Dataset records ▸
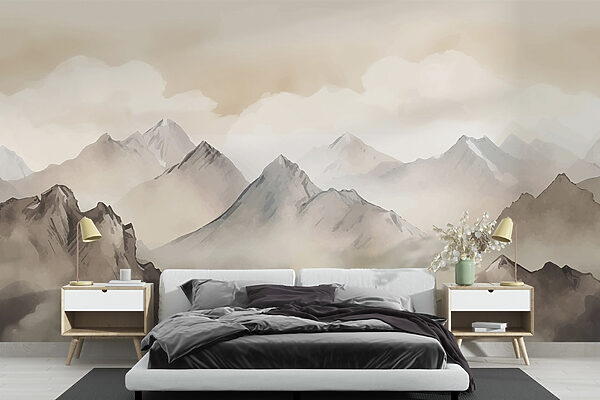 Pittura di montagne e nuvole Pittura di montagne e nuvole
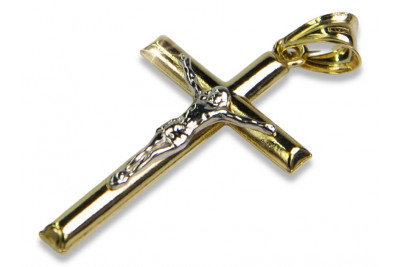 14k żółte złote krzyż katolicki w kolorze różowego złota vintage ctc001yw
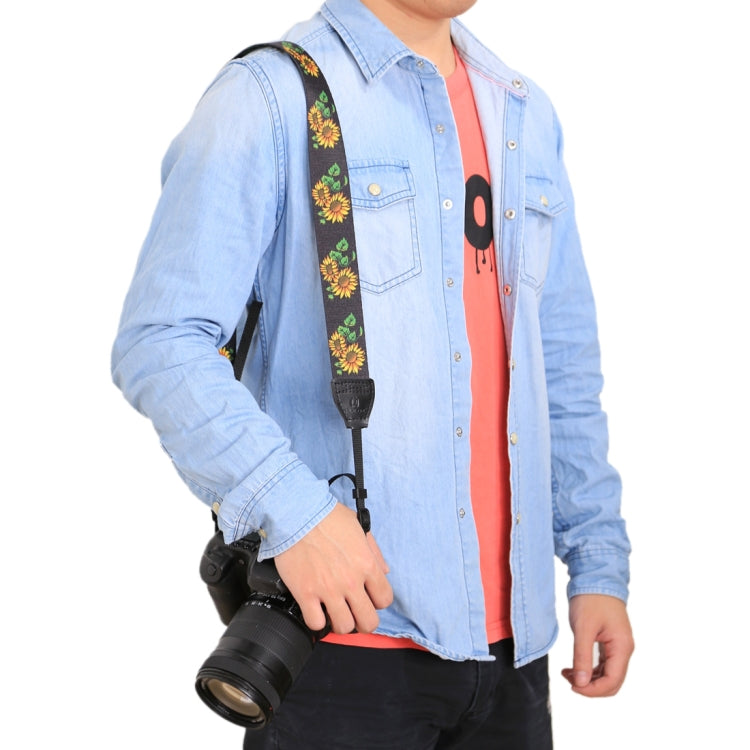 PULUZ Retro Ethnic Style Multi-color Series Sunflower Shoulder Neck Strap Camera Strap for SLR / DSLR Cameras - Camera Strap by PULUZ | Online Shopping UK | buy2fix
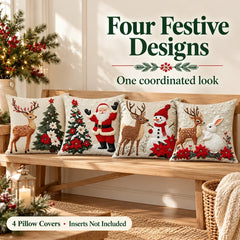 Christmas Pillow Covers 4-Piece Set — Festive Sofa Makeover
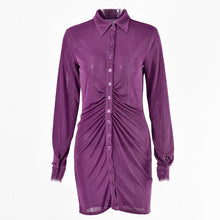 Load image into Gallery viewer, Lapel Single-Breasted Cardigan Dress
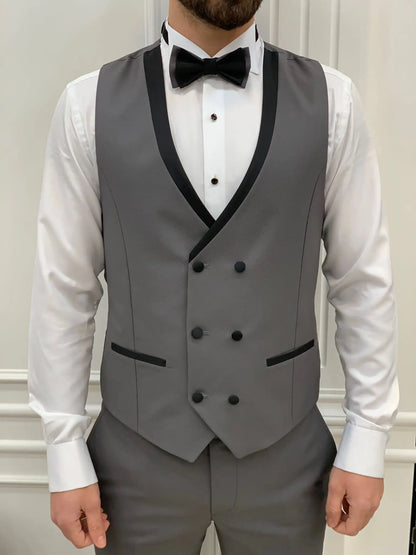 Glendale Gray Slim Fit Peak Lapel Tuxedo - BRABION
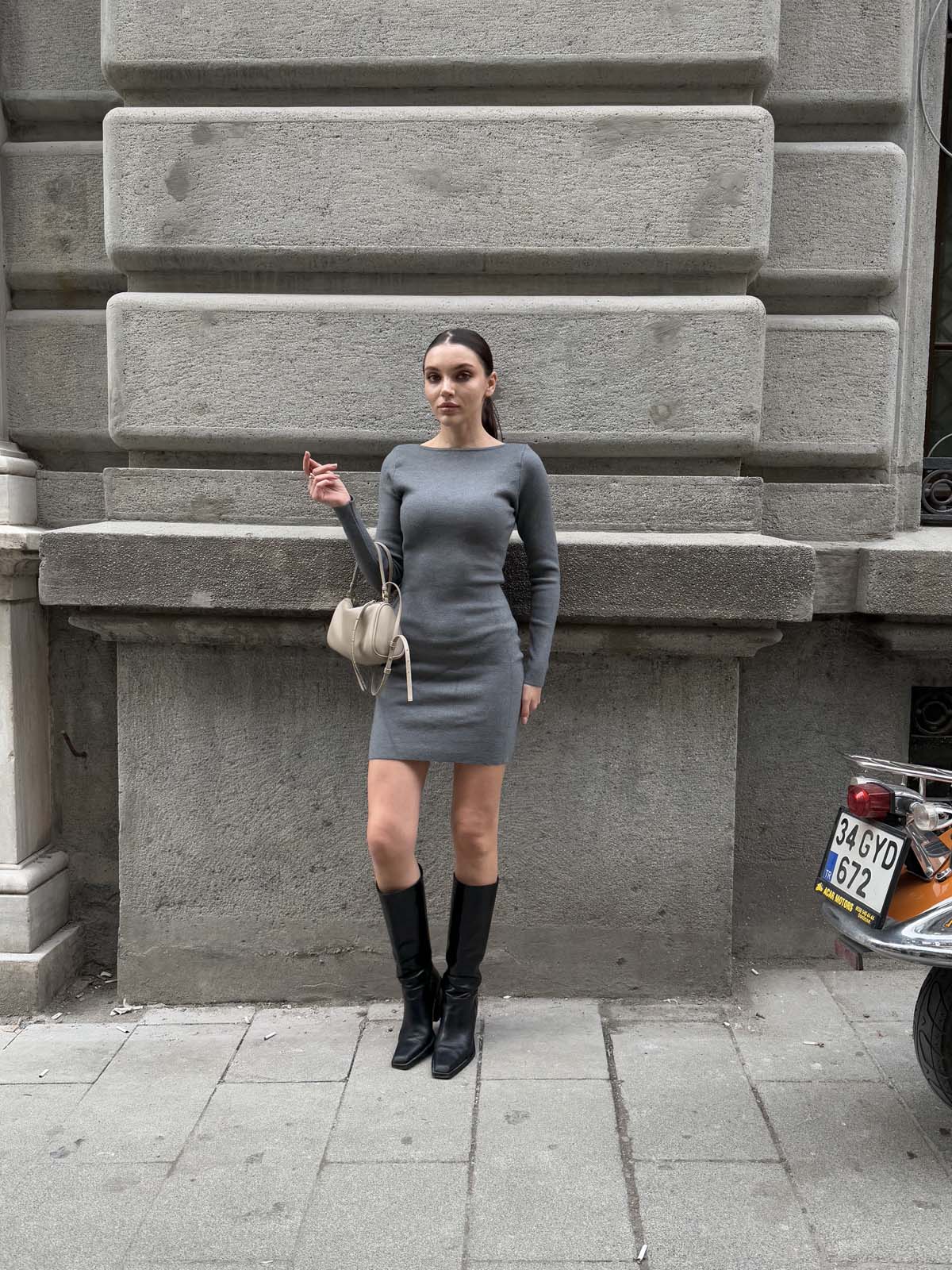 Korsman Kayık Yaka Elbise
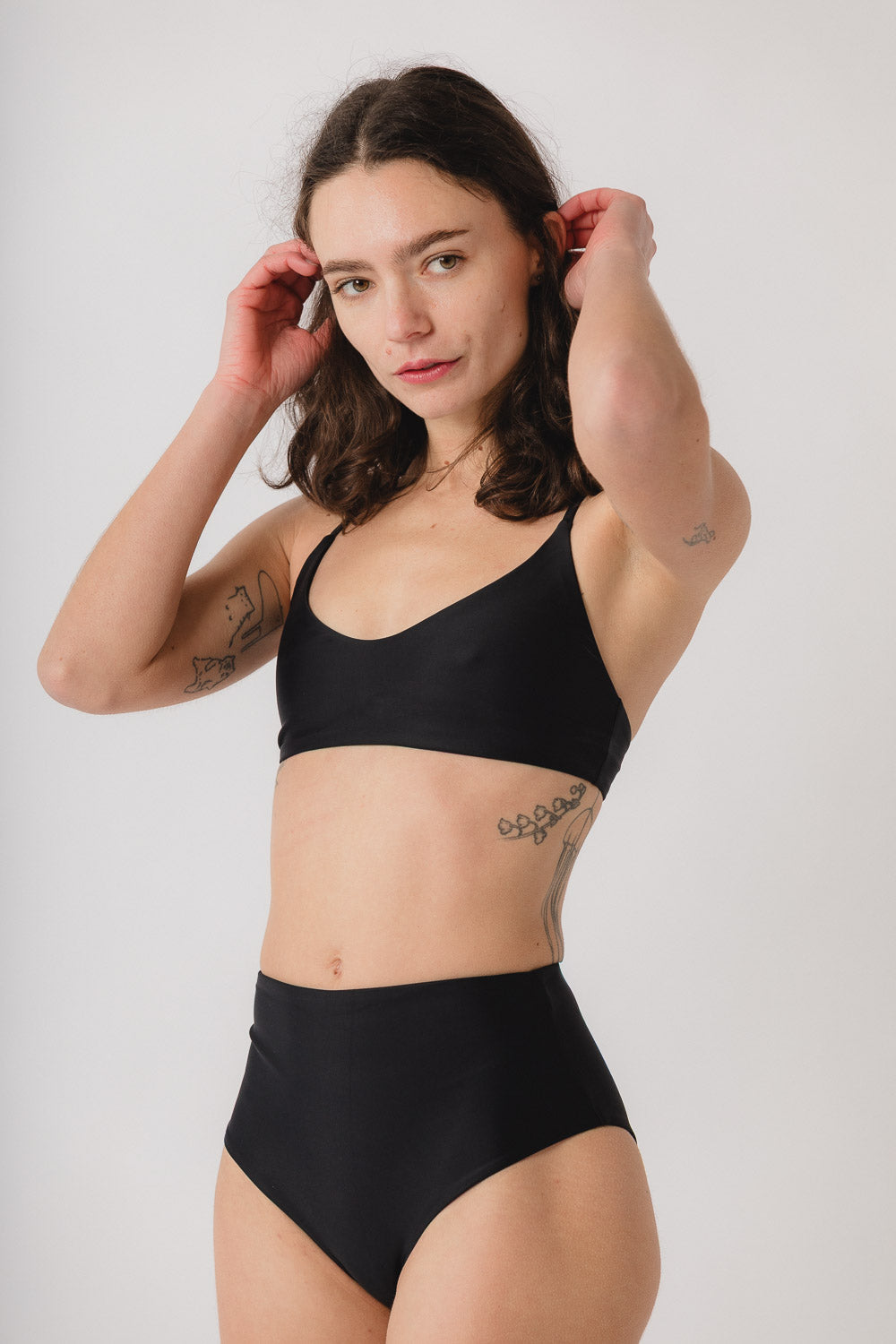 Juno T-Back Bikini Top - Black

Action item ▸ Above, find the line with "14k żółte złote"; copy it and every line down to the line with "PULUZ Retro Ethnic", exactly and both included, but no pictures.

Your response ▸
 14k żółte złote krzyż katolicki w kolorze różowego złota vintage ctc001yw
 PULUZ Retro Ethnic Style Multi-color Series Sunflower Shoulder Neck Strap Camera Strap for SLR / DSLR Cameras - Camera Strap by PULUZ | Online Shopping UK | buy2fix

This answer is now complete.